Secondly, 2D facial recognition systems work only by comparing ratios between key features. Such systems are not able to extract accurate or ground-based measurements of the facial structure. 2D images are therefore not flexible with respect to orientation or scale change. Performing a more reliable recognition requires the storage of multiple views or “templates” over varying conditions.
Therefore, even without changing any basic biometric properties of a person, 2D systems may perform quite poorly in real life scenarios.
TakSec VisionAccess Enrollment Stations
 Taksecs’ Facial Enrollment Station performs user enrollment and builds 3D template databases, as well as creating 2D color jpeg files and video feed, in accordance with ICAO standards. Designed with Taksec’s advanced patented optical technology, structured light, and algorithms and easily integrating into a range of existing hardware or software security systems, the enrollment station comprises a 3D camera and 2D color digital video camera. The outputs of the enrollment camera from a single enrollment shot are: a) a sequence of 2D color JPEG images (video feed) according to ICAO specifications; b) 3D image or reconstructed mesh; c) 3D template; d) 3D hologram; e) 2D black & white JPEG image for 2D matching engine. The output may either be stored in a database or written to a card or chip. This allows multiple outputs to be generated from a single enrollment shot in a fast and cost-effective manner. Taksec 3D data is stored in the standard Common Biometric Exchange File Format (CBEFF). The data described by CBEFF includes Security (Digital Signatures and Data Encryption, Processing information and the Biometric data. The 3D biometric data resides within the CBEFF structure is stored in a propriety encrypted format. Taksec’s efforts to protect the 3D data in conjunction with a strong network security policy by the customer provides a secure environment for the solution.

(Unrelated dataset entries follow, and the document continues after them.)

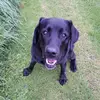 meganmgrath06 - @megz_mcgrath_06 - TikTok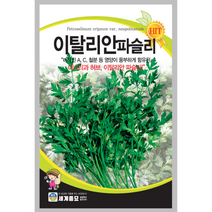 이탈리안파슬리 씨앗 200립 허브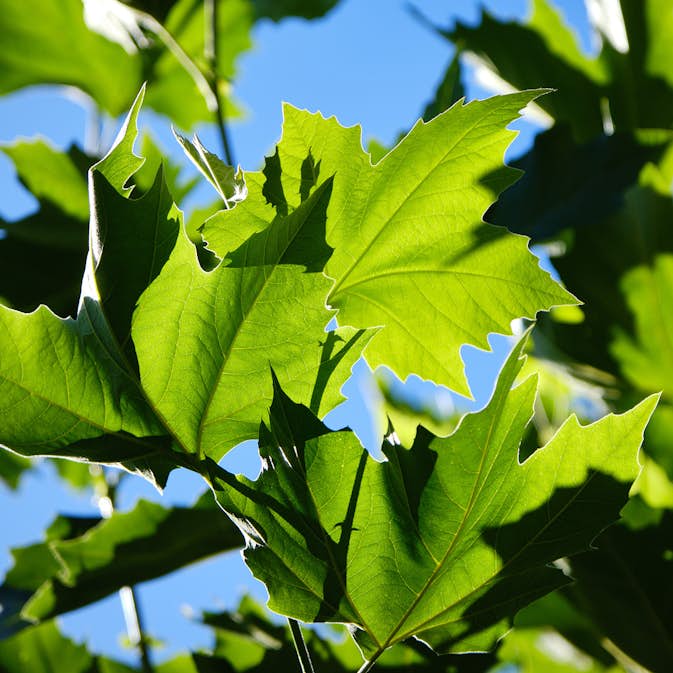 Prydnadsträd Omnia Garden Platan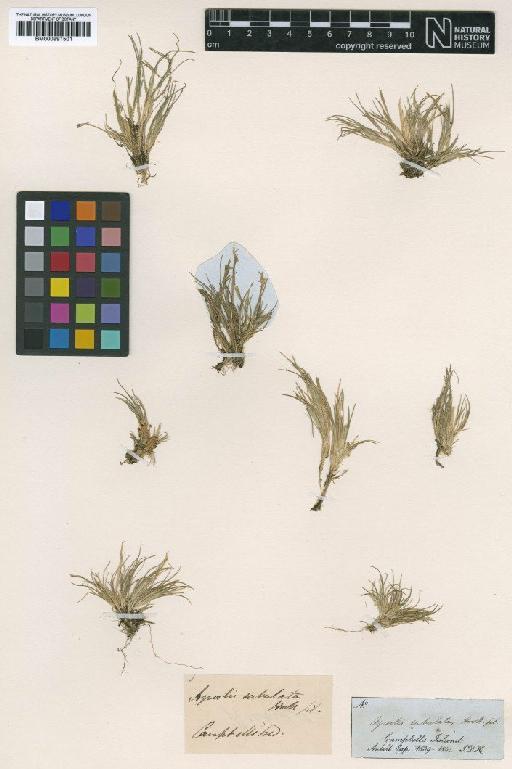 Agrostis subulata Hook.f. - BM000991501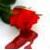 :iconbleeding-clover: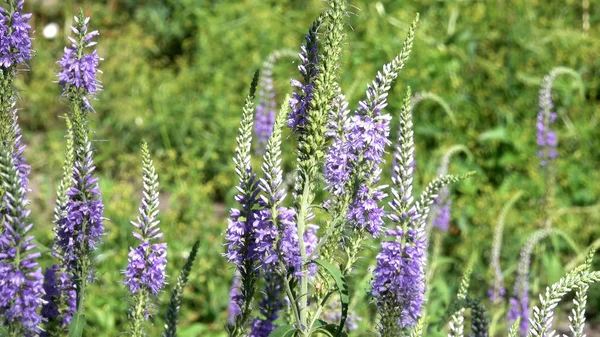 Fundo Vegetativo Florescer Plantas Herbáceas Medicinais Decorativas Úteis Dia Ensolarado — Fotografia de Stock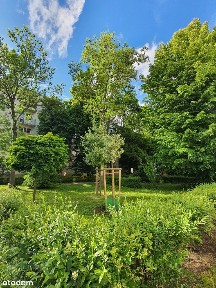 ul. Żytnia, Przedmieście Świdnickie, Stare Miasto, Wrocław, dolnośląskie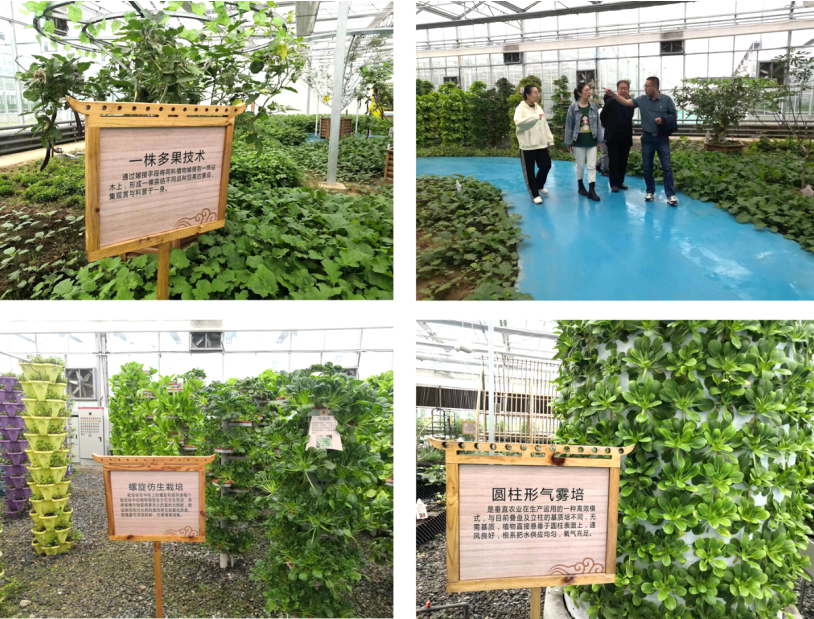 晉之源果蔬再啟航，曲沃開啟國家農業(yè)現代化示范區(qū)新征程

Robustness to Lighting & Angles
 Current 2D face recognition systems are based on standard photo or video pictures (intensity images) of a subject’s face – these are not ground-based measurements and are highly sensitive to changes in ambient lighting or view angle. In addition, they are sensitive to changes in scale, facial accessories (make-up, glasses, and beards) and aging of the user.
By contrast, VisionAccess technique uses direct geometric measurements available from 3D images (Range images) with the potential to also overlay a 2D texture map (3D + 2D). This 3D geometry is invariant to ambient light conditions and may even be used in the darkness, thanks to the near infrared light projector. In addition, 3D face recognition technology is more robust to different view angles between the enrolment & captured shots, with robust recognition up to 30° from the frontal position. 3D face has the future potential to recognise a user even at 90°, for surveillance or law enforcement applications. Therefore, this 3D approach has the potential to work with higher accuracy in real world environments.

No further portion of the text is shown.